At a media availability in Sparks, Nevada, on Friday, Romney was asked how he could bring the conservative base together if he was the nominee. He answered that as he has traveled the country "conservatives in these states have heard me time and again [and] recognized that I do speak for the, if you will, the Republican wing of the Republican party and that the base Republican voter wants to see a conservative that will unite the three legs of the Republican stool."

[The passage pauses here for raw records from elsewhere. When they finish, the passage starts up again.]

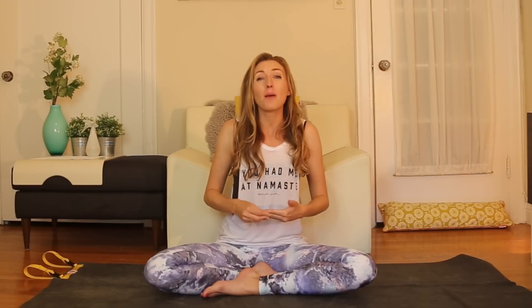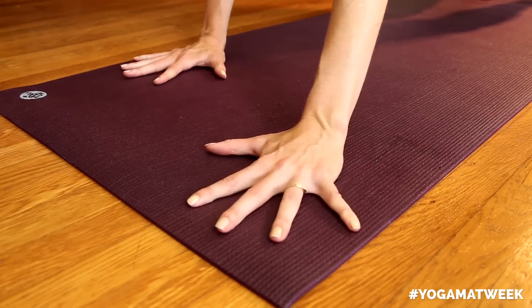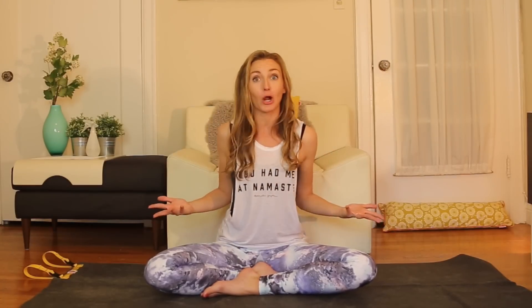Closed cell mats are denser with an impermeable surface, and when I think closed cell, I think Manduka. Closed cell mats are more resistant to wear and can be considered more hygienic. The downside with closed cell mats is that they can become very slick, especially with moisture and sweat, so they maybe aren't awesome for hot yogis or people who are doing an acrobatic practice.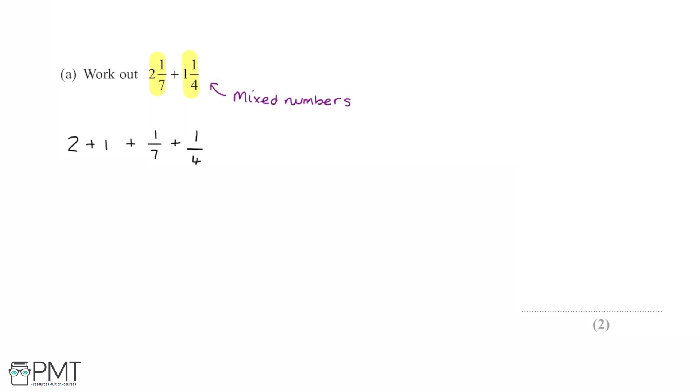That helps work it out more easily because we can bracket the 2 plus 1 and add the fractions on separately. So we do 2 plus 1 to get 3, leaving us with 3 plus 1/7 plus 1/4.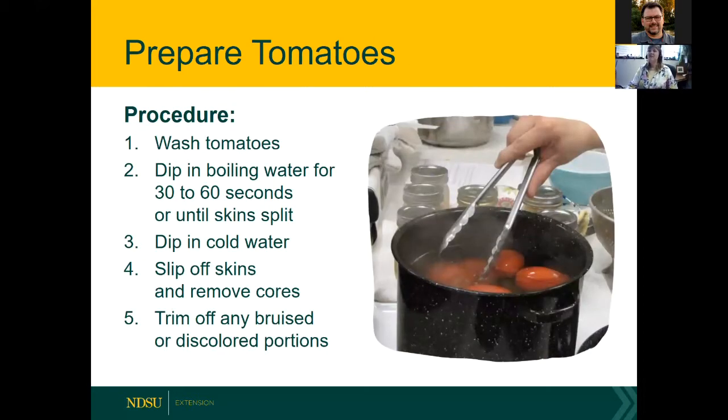To prepare tomatoes, wash them — just rinse well in running water. Make an X at the top of each washed tomato, then dip the tomatoes in boiling water and you'll find the skins fall right off. Then dip them in cold water and the skins will slip off. Remove the core and any bruised or discolored portions.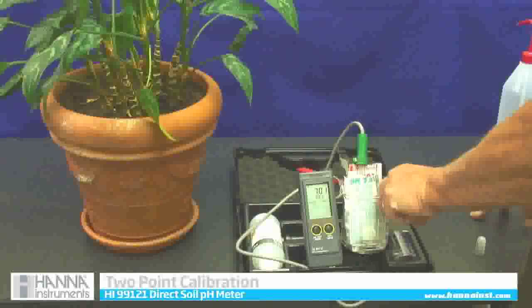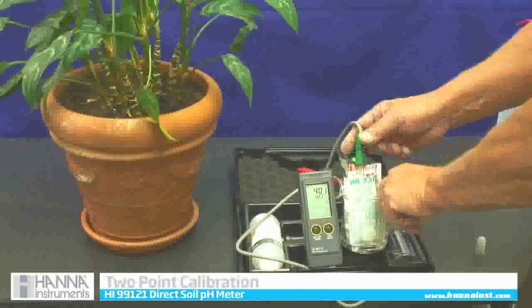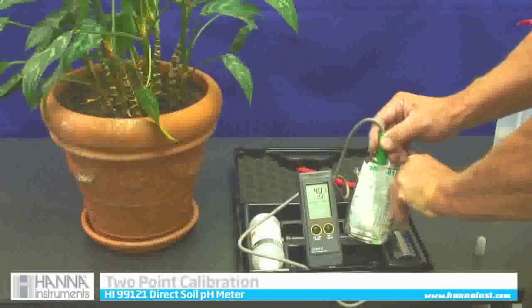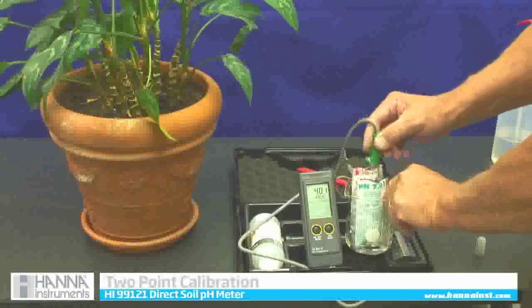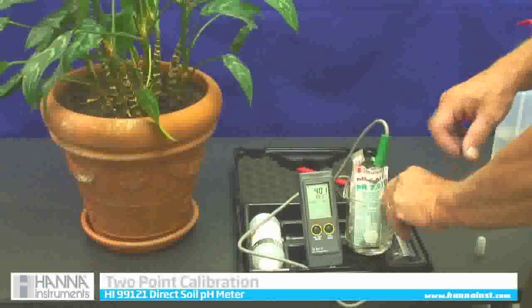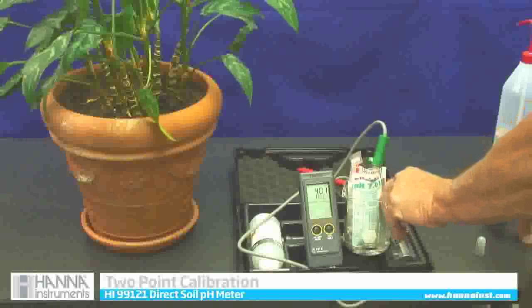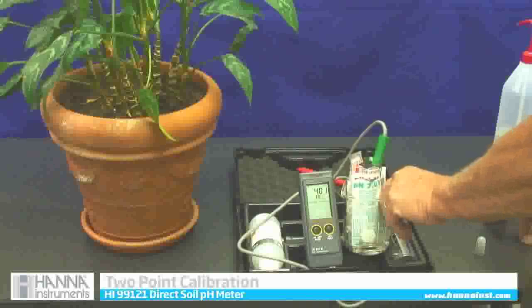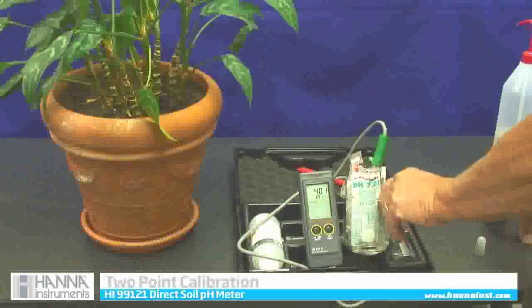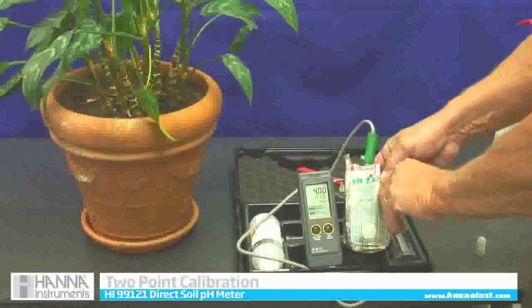It might take 30 seconds or so. While the meter stays in calibration, I am going to rinse it off with a little bit of tap water. Then it is going to say use 4.01. Now I am going to put it in 4.01 — I could also use a 10.01 if I wanted to, but in agriculture we use the 7.01 and 4.01 two-point calibration. It makes it very accurate. Now it says okay, two points — calibration is complete.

While that remark was clearly aimed at Giuliani's social conservative bona fides (or lack thereof), it was McCain who quickly rose to the bait in a speech to the New Hampshire Republican Party on Saturday,
"When he ran for office in Massachusetts, being a Republican wasn't much of a priority for him," McCain said of Romney. "In fact, when he ran against Ted Kennedy, he said he didn't want to return to the days of Reagan-Bush. I always though Ronald Reagan was a real Republican."
McCain went on to note that Romney gave money to a Democratic candidate in New Hampshire, voted for Democratic Sen. Paul Tsongas for president and refused to sign the "Contract With America" -- all of which, the Arizona Senator argued, was evidence that his claims as the real Republicans were false. (None of those accusations are new. But, what is new is the willingness of one of Romney's rivals to put voice to them in a public way.)
Romney's campaign wouldn't let those comments pass without pushing back. "Angry attacks from campaigns without any new ideas on how to bring change to Washington aren't what voters are looking for," said Romney spokesman Kevin Madden. Then he stuck in the shiv: "There are obvious differences with Senator McCain, notably his wrongheaded approach on immigration, his support of campaign finance reform that has stifled free speech and his joining Democrats to vote against the Bush tax cuts."
A couple points of context are important here.
First, it's no secret that their is no love lost between McCain and Romney. It's not clear whether the dislike is personal or purely political but it's there and makes each man more willing to take pot shots at the other.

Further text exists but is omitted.